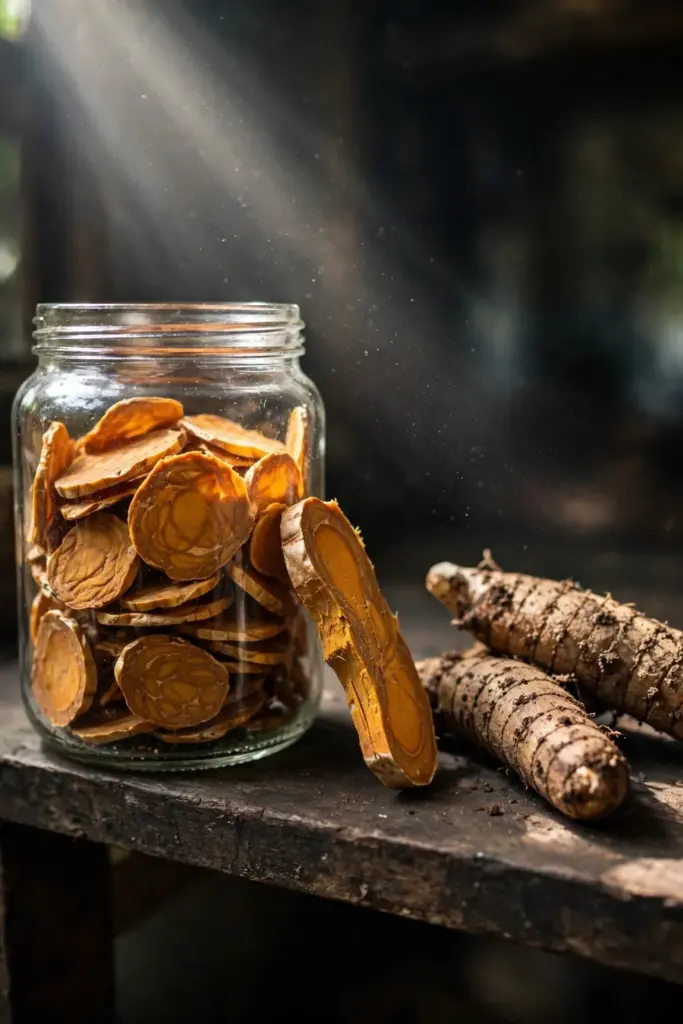 Dried temulawak slices stored in a glass jar beside fresh rhizomes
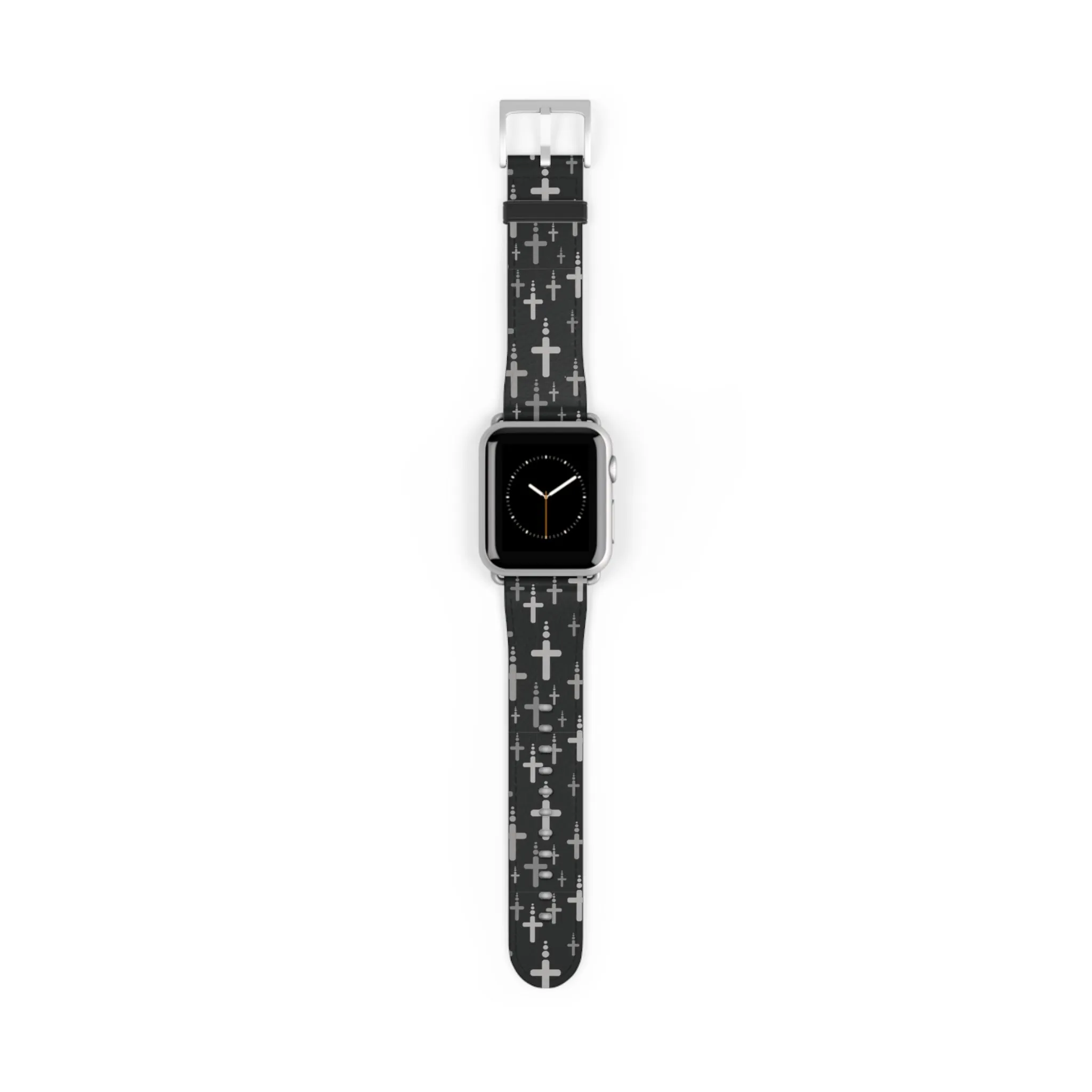 Crosses Watch Band - Silver Crosses/Black Faux Leather 38-41/42-45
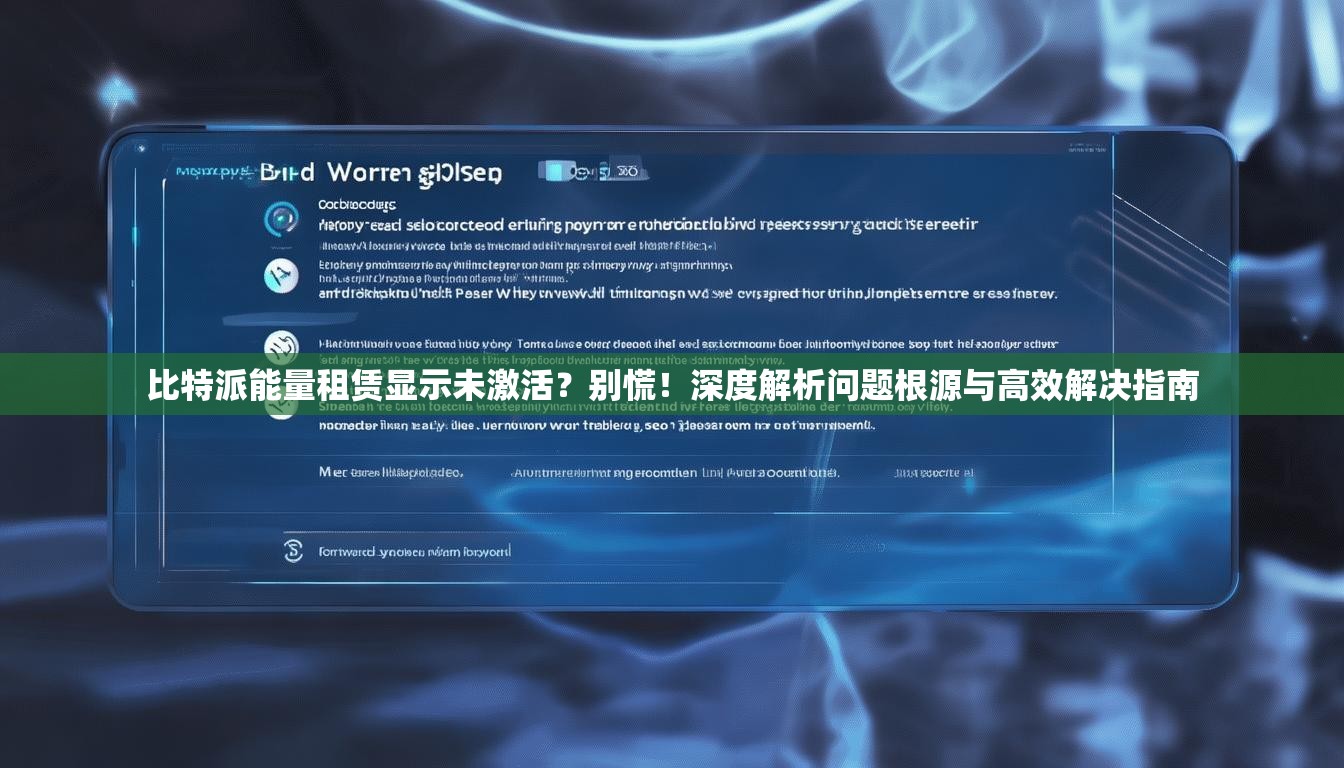 比特派能量租赁显示未激活？别慌！深度解析问题根源与高效解决指南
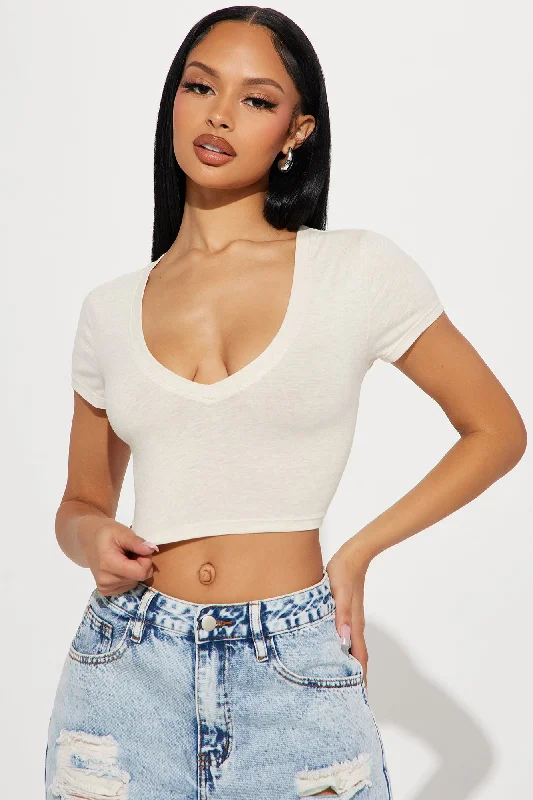 Veronica V-Neck Crop Top - Oatmeal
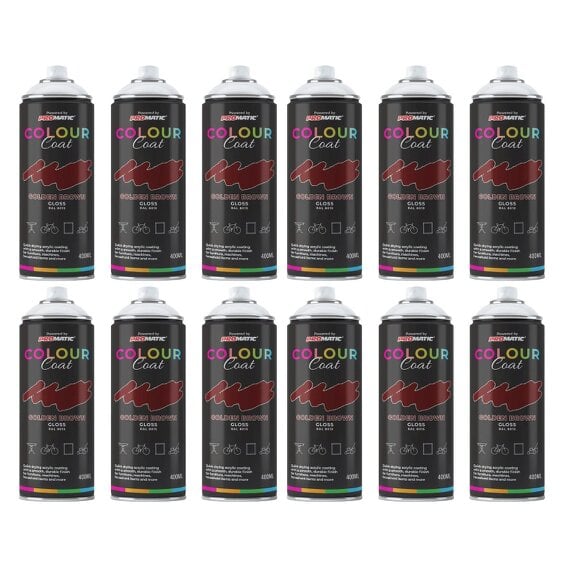 Colour Coat 12X Golden Brown RAL 8015 Gloss Spray Paint 400ml
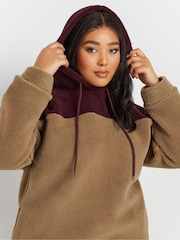 Yours Curve Natural Colourblock Teddy Hoodie - Image 4 of 5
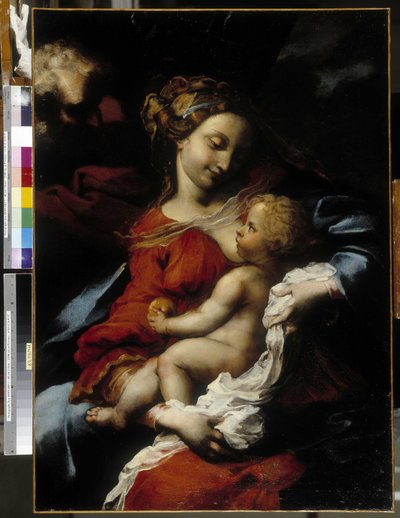 De Heilige Familie door Bartolommeo Biscaino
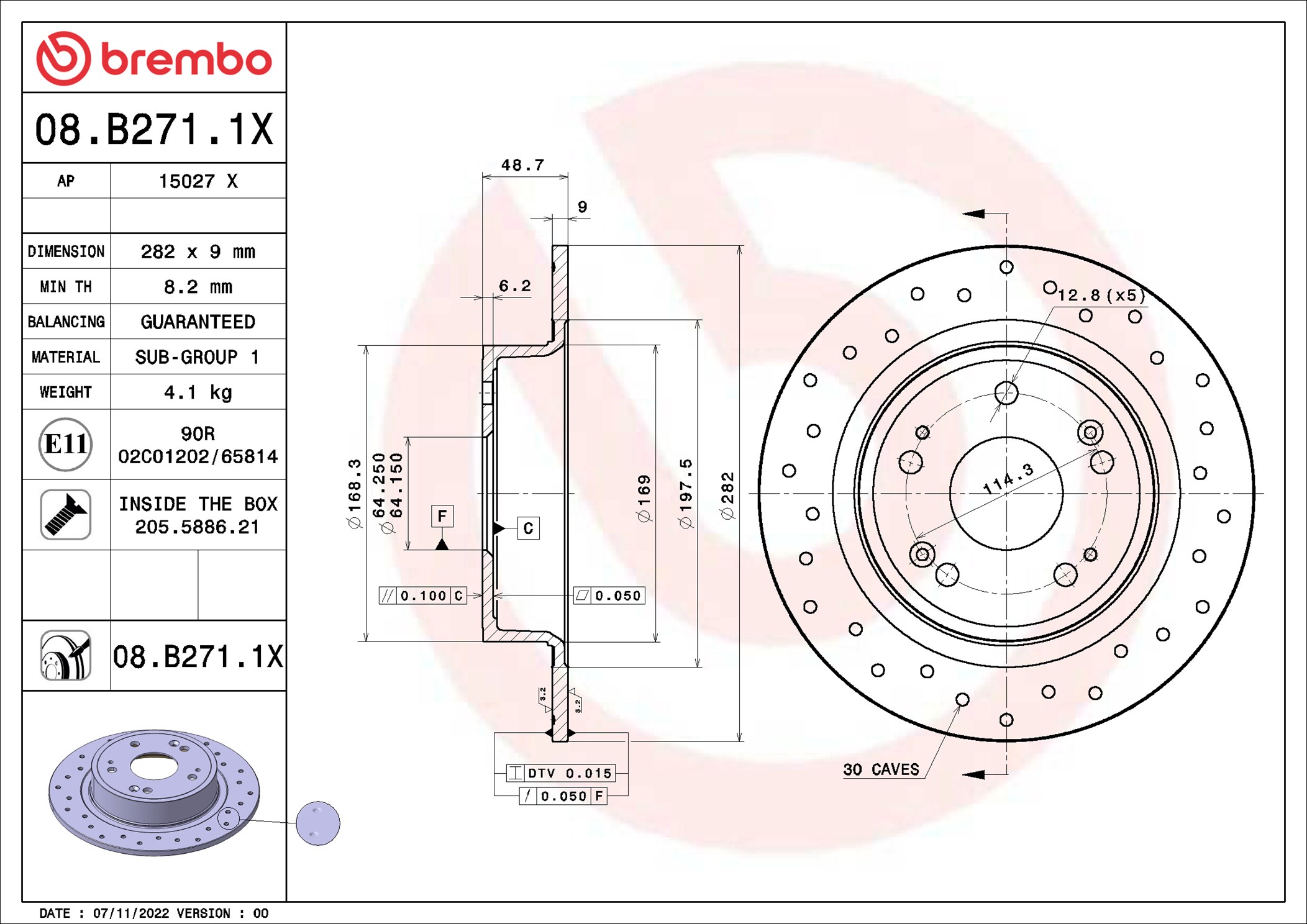 stabdžių diskas - 08.B271.1X BREMBO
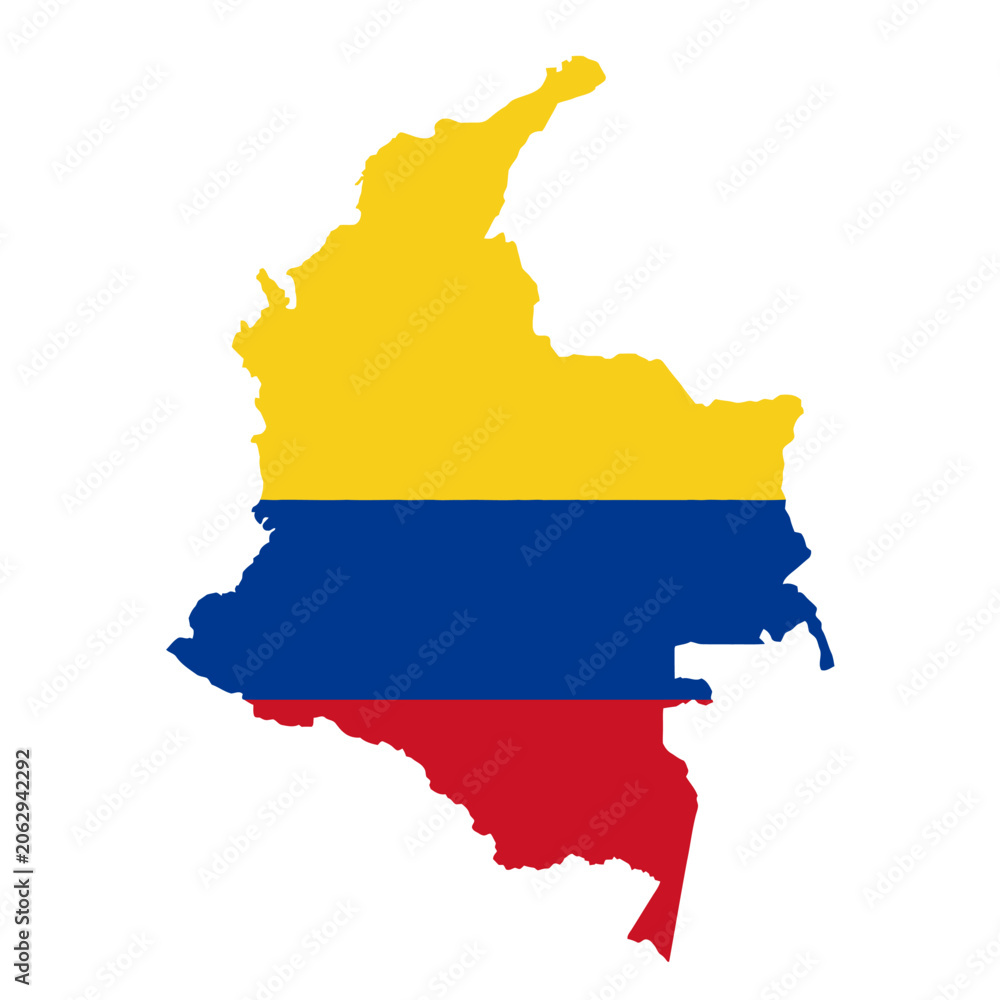 Fototapeta premium A map shape filled with horizontal yellow blue and red stripes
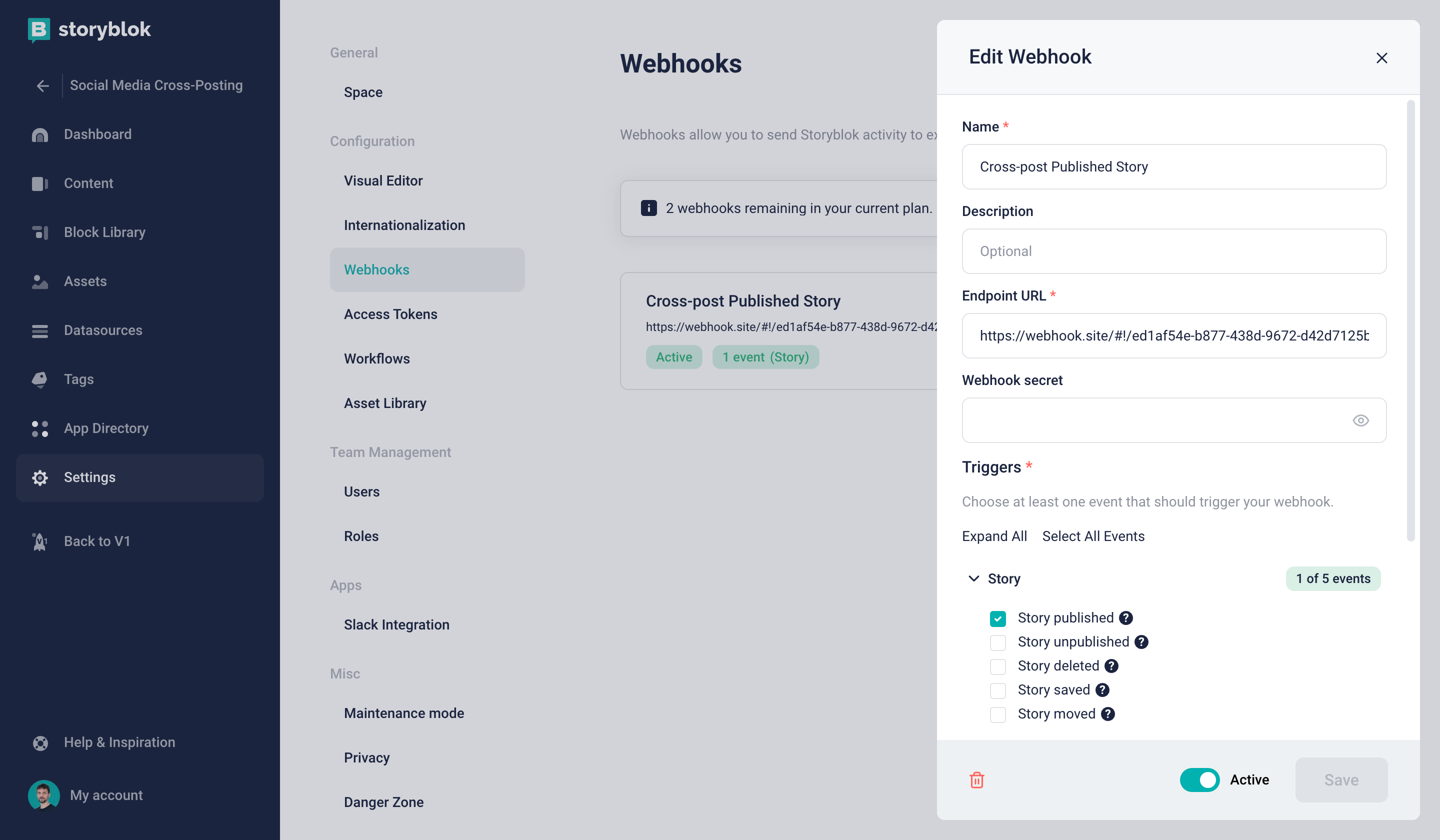 Configuring the webhook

•••••

(WHAT IS BEING ASKED): Without including any picture, reproduce the material above word for word.

(TASK ANSWER):
 Dried temulawak slices stored in a glass jar beside fresh rhizomes
 Crosses Watch Band - Silver Crosses/Black Faux Leather 38-41/42-45
 比特派能量租赁显示未激活？别慌！深度解析问题根源与高效解决指南
 Veronica V-Neck Crop Top - Oatmeal
 Colour Coat 12X Golden Brown RAL 8015 Gloss Spray Paint 400ml
 Yours Curve Natural Colourblock Teddy Hoodie - Image 4 of 5
 De Heilige Familie door Bartolommeo Biscaino
 stabdžių diskas - 08.B271.1X BREMBO
 Fototapeta premium A map shape filled with horizontal yellow blue and red stripes
 Configuring the webhook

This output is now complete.